CLARE hurlers falling at the first Munster championship fence scarcely qualifies as a page one story.
Davy Fitzgerald (right) delivering a post-match media briefing replete with conspiratorial inferences is, by the same yardstick, a scarcely unique news event.
We had more of the above - on both counts - in Thurles last Sunday.
In many ways it was a typical Munster SHC opener between neighbouring foes: a first half pockmarked by myriad mistakes before a dust-up and resultant red card seemed to enliven the contest as the shackles came off. Then we had another sending-off and a late Limerick winner before one final dose of controversy over the amount of injury-time played.
Thus, TJ Ryan's men march on while Clare go off to lick those all-too-familiar early-summer wounds.
It's incredible to think that Clare hurling's greatest era has been followed by another provincial famine. Ger Loughnane's iconoclasts captured three Munster titles and two All-Irelands between '95 and '98 ... but if you start at 2000, Loughnane's swansong, the county has won just four matches in 16 provincial campaigns. And two of those came in the same year (2008) when they lost their only Munster final of this millennium.

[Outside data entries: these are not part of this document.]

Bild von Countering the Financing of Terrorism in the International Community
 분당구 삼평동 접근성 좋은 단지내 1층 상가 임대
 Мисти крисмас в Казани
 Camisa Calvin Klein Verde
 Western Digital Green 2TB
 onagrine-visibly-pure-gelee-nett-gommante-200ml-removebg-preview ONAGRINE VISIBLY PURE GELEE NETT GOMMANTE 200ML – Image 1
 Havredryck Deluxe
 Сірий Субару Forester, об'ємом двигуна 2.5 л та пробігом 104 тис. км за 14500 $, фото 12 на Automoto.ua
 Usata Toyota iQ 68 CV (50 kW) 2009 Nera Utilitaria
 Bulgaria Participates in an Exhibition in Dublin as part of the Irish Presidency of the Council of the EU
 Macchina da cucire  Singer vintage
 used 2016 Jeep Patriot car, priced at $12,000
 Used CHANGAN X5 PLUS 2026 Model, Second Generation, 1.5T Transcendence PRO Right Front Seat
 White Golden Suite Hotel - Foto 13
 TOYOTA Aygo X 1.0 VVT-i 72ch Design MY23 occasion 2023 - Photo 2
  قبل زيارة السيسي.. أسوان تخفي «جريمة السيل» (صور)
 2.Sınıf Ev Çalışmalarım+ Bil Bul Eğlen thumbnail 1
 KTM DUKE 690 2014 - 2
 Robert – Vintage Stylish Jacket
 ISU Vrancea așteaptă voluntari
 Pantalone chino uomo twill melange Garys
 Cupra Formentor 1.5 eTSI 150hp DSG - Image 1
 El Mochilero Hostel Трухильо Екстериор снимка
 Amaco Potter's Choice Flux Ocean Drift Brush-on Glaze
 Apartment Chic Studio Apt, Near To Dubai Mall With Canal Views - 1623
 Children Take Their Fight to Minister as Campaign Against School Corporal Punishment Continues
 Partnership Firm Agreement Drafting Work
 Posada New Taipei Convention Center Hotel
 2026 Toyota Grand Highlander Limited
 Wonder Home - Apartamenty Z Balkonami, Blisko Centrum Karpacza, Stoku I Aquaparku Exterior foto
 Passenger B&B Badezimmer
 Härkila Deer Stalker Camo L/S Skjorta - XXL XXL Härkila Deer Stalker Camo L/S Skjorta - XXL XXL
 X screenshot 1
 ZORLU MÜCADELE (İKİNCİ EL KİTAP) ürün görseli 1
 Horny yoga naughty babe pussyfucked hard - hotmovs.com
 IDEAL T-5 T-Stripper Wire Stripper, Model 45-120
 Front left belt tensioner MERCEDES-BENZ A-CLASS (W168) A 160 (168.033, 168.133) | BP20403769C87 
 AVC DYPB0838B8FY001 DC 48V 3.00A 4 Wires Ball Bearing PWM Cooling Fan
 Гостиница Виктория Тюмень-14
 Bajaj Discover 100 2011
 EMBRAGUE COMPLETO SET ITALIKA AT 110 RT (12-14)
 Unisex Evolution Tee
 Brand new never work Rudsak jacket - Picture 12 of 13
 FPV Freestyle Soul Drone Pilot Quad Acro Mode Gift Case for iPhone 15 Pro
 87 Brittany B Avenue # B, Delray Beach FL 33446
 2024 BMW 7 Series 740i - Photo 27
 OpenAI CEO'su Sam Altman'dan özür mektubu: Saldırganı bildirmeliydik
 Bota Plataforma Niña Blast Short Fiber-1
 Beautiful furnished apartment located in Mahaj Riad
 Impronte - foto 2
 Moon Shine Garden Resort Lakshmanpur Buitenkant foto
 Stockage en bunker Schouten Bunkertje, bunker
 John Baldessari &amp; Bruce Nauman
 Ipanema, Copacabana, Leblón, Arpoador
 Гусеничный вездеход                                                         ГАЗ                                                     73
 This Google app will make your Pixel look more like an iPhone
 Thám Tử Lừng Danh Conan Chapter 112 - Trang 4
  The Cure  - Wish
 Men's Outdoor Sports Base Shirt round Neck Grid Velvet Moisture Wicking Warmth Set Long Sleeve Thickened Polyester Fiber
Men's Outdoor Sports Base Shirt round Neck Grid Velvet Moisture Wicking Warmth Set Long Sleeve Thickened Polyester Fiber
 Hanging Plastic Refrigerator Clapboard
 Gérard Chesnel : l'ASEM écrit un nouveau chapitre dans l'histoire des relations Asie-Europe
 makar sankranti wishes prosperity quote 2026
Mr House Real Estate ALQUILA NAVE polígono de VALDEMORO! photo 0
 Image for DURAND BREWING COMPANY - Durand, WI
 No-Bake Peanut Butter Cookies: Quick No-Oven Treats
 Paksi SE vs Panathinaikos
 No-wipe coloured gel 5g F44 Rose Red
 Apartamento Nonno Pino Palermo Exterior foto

However, to dismiss this as merely another barren spell to mimic the 63-year Munster title wasteland between 1932 and '95 would be to ignore the recent context. Clare have won the last three and four of the last six All-Ireland U21 titles. And many of these young tyros climbed the senior summit in September, 2013.
Alarmingly, they haven't won a senior championship tie since that remarkable replay against Cork. Last summer's qualifier stalemate with Wexford was sandwiched by defeats to Cork and Wexford; now they're already staring at another bout of introspection and (they hope) 'back door' redemption.
Davy Fitz managed the latter in spectacular fashion, two years ago, but doubts must be mounting over his ability to repeat the trick.
It's not that Clare are miles off the pace - they lost by a solitary point to a very decent Limerick outfit - but their propensity for controversial sideshows, which flickered last summer and again in the spring, clearly hasn't gone away.
Fitzgerald must shoulder a lot of the flak for this. His combustible presence on the sideline has long been the subject of caricature and won't have abated with those RTÉ images of him following referee Colm Lyons and his officials into the Thurles tunnel.
He may have a valid gripe over the amount of injury-time played (and confused signals surrounding same) ... but a manager who loses his cool in the heat of battle, or one whose post-match interviews are so often laden with innuendo about free counts and the like, is not helping his team in the long run. Especially a team with a worrying addiction to red cards.
With key men to return, Clare should be stronger in the qualifiers. But to replicate 2013, they must look to within instead of always playing the victim.